Graduate Student | Department of Applied Ecology, Biology Graduate Program | North Carolina State University
Spring 2018 and 2019-20 Global Change Fellow
Where are they now?
Emily is a Postdoctoral Associate at Virginia Tech
Statement of purpose:
Two of the most destructive forces currently threatening biodiversity in the context of global change are urbanization and invasive species. I use genetic and geospatial tools to understand the interplay between the two with the intention of mitigating their effects on human communities and ecosystems. I am also interested in the ecology of invaders and what their ecology and evolution can teach us about the conservation of native species. I am most productive when I can work on multidisciplinary projects, and I believe that the most effective adaptive strategies for climate and land use change management will arise from such collaborations.
Description of research:
I study how the invasive mosquito species Aedes albopictus moves across urbanizing landscapes and the role humans play in their dispersal. I use a combination of genetic and geospatial analyses to test hypotheses about how this vector spreads across counties in the southeastern United States. I aim to create a dispersal model that can predict how gene flow and genetic connectivity will change under different land-use change scenarios.
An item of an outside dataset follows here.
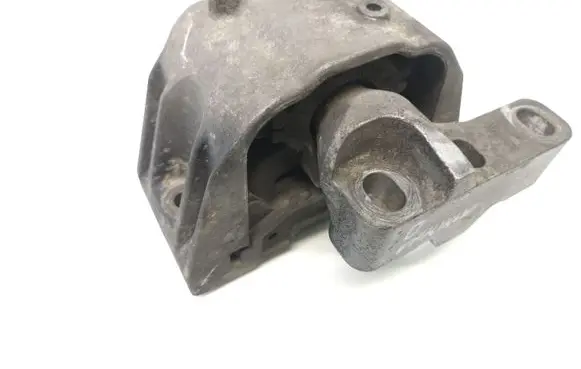 Volkswagen Golf IV Engine mount bracket 1J0199262BF
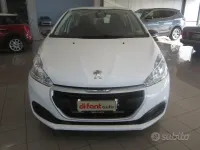 Usata Peugeot 208 Active 68 CV (50 kW) 2017 Bianco Utilitaria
My research falls primarily under SE Climate Adaptation Science Center’s Research Priority 1: Exposure, by advancing our understand of regional land use change-related stressors (invasive species) and Research Priority 2: Impacts, by improving partner understanding of how invasive species are affected by land use changes. My research aligns with the Secretary of the Interior Priorities 1a & b, as I intend to apply my results towards managing invasive species that pose public health risks in urban and urbanizing areas.